The paper establishes consistency results for such repulsive priors, both for estimating the distribution itself and the number of components, K, under a collection of assumptions on the distribution, prior, and repulsiveness factors. While I have no mathematical issue with such results, I always wonder at their relevance for a given finite sample from a finite mixture in that they give an impression that the number of components is a perfectly estimable quantity, which it is not (in my opinion!) because of the fluid nature of mixture components and therefore the inevitable impact of prior modelling. (As Larry Wasserman would pound in, mixtures like tequila are evil and should likewise be avoided!)

The implementation of this modelling goes through a “block-collapsed” Gibbs sampler that exploits the latent variable representation (as in our early mixture paper with Jean Diebolt). Which includes the Old Faithful data as an illustration (for which a submission of ours was recently rejected for using too old datasets). And use the logarithm of the conditional predictive ordinate as  an assessment tool, which is a posterior predictive estimated by MCMC, using the data a second time for the fit.

recycling Gibbs auxiliaries [a reply]

Posted in Books, pictures, Statistics, University life with tags , , , , , , , on January 3, 2017 by xi'an

[Here is a reply sent to me by Luca Martino, Victor Elvira, and Gustau Camp-Vallis, after my earlier comments on their paper.]

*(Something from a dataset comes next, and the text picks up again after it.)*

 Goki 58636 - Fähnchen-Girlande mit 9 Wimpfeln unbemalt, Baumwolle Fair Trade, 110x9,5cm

We provide our contribution to the discussion, reporting our experience with the application of Metropolis-within-Gibbs schemes. Since in literature there are miscellaneous opinions, we want to point out the following considerations:

– according to our experience, the use of M>1 steps of the Metropolis-Hastings (MH) method for drawing from each full-conditional (with or without recycling), decreases the MSE of the estimation (see code Ex1-Ex2 and related Figure 7(b) and Figures 8). If the corresponding full conditional is very concentrated, one possible solution is to applied an adaptive or automatic MH for drawing from this full-conditional (it can require the use of M internal steps; see references in Section 3.2).

– Fixing the number of evaluations of the posterior, the comparison between a longer Gibbs chain with a single step of MH and a shorter Gibbs chain with M>1 steps of MH per each full-conditional, is required. Generally, there is no clear winner. The better performance depends on different aspects: the specific scenario, if and adaptive MH is employed or not, if the recycling is applied or not (see Figure 10(a) and the corresponding code Ex2).

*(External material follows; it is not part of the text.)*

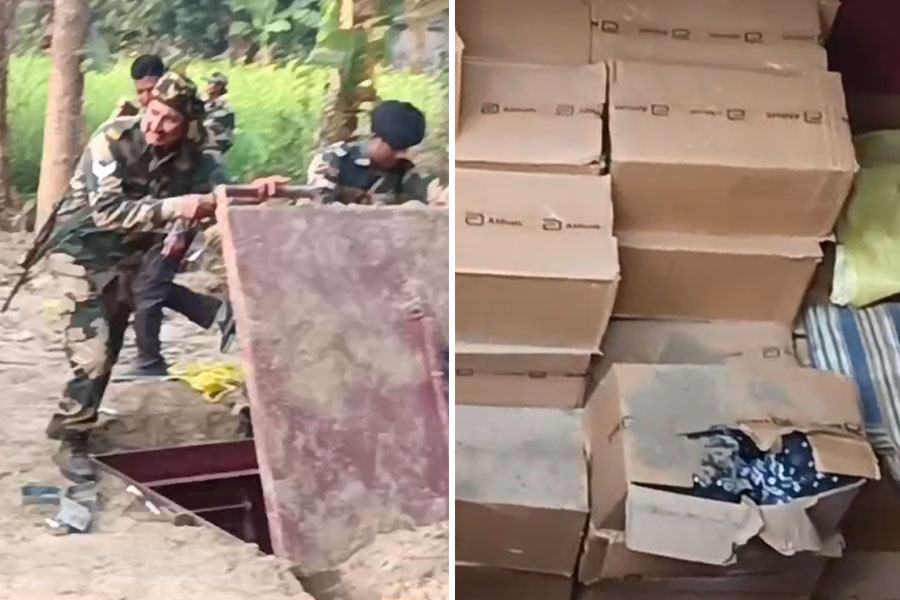 BSF seized lakhs of cough syrup inside a bunker in Nadia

The previous considerations are supported/endorsed by several authors (see the references in Section 3.2). In order to highlight the number of controversial opinions about the MH-within-Gibbs implementation, we report a last observation:

– If it is possible to draw directly from the full-conditionals, of course this is the best scenario (this is our belief). Remarkably, as also reported in Chapter 1, page 393 of the book “Monte Carlo Statistical Methods”, C. Robert and Casella, 2004, some authors have found that a “bad” choice of the proposal function in the MH step (i.e., different from the full conditional, or a poor approximation of it) can improve the performance of the MH-within-Gibbs sampler. Namely, they assert that a more “precise” approximation of the full-conditional does not necessarily improve the overall performance. In our opinion, this is possibly due to the fact that the acceptance rate in the MH step (lower than 1) induces an “accidental” random scan of the components of the target pdf in the Gibbs sampler, which can improve the performance in some cases. In our work, for the simplicity, we only focus on the deterministic scan. However, a random scan could be also considered.

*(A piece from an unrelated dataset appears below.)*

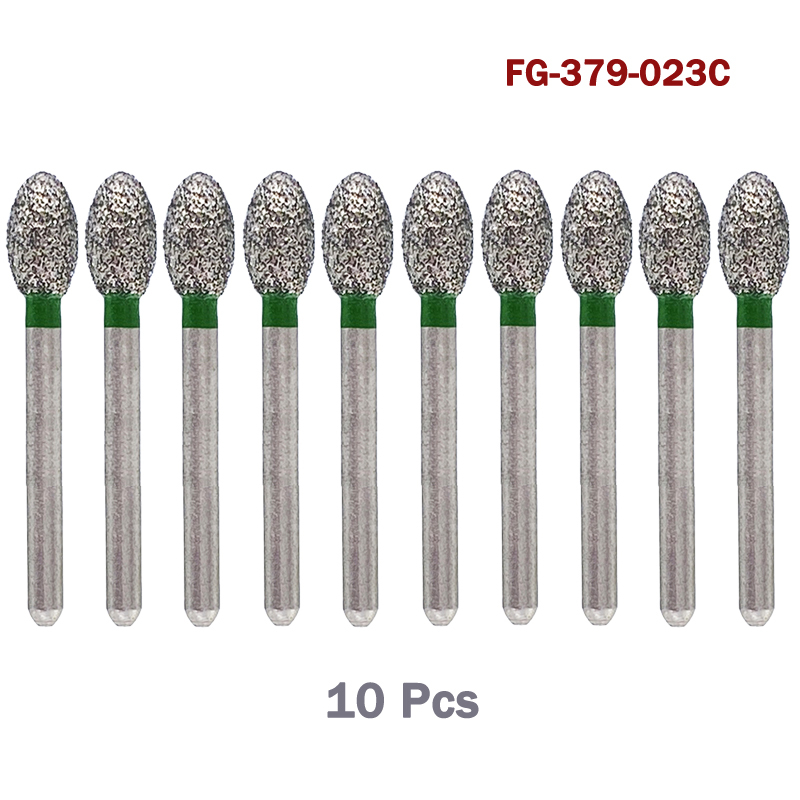 FG 379-023 C/SC/M/F/XF Dental Diamond Burs Egg Football Grit High Speed Bur FG Handpiece 10pcs/pack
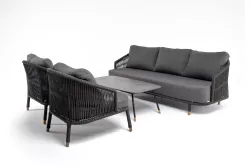 "Верона" лаунж-зона 5-местная плетеная из роупа (веревки), каркас алюминиевый темно-серый, роуп темно-серый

recycling Gibbs auxiliaries

Posted in Books, pictures, Statistics, University life with tags , , , , , , , , , , on December 6, 2016 by xi'an

wreck of the S.S. Dicky, Caloundra beach, Qld, Australia, Aug. 19, 2012Luca Martino, Victor Elvira and Gustau Camps-Valls have arXived a paper on recycling for Gibbs sampling. The argument therein is to take advantage of all simulations induced by MCMC simulation for one full conditional, towards improving estimation if not convergence. The context is thus one when Metropolis-within-Gibbs operates, with several (M) iterations of the corresponding Metropolis being run instead of only one (which is still valid from a theoretical perspective). While there are arguments in augmenting those iterations, as recalled in the paper, I am not a big fan of running a fixed number of M of iterations as this does not approximate better the simulation from the exact full conditional and even if this approximation was perfect, the goal remains simulating from the joint distribution. As such, multiplying the number of Metropolis iterations does not necessarily impact the convergence rate, only brings it closer to the standard Gibbs rate. Moreover, the improvement does varies with the chosen component, meaning that the different full conditionals have different characteristics that produce various levels of variance reduction:

  • if the targeted expectation only depends on one component of the Markov chain, multiplying the number of simulations for the other components has no clear impact, except in increasing time;
  • if the corresponding full conditional is very concentrated, repeating simulations should produce quasi-repetitions, and no gain.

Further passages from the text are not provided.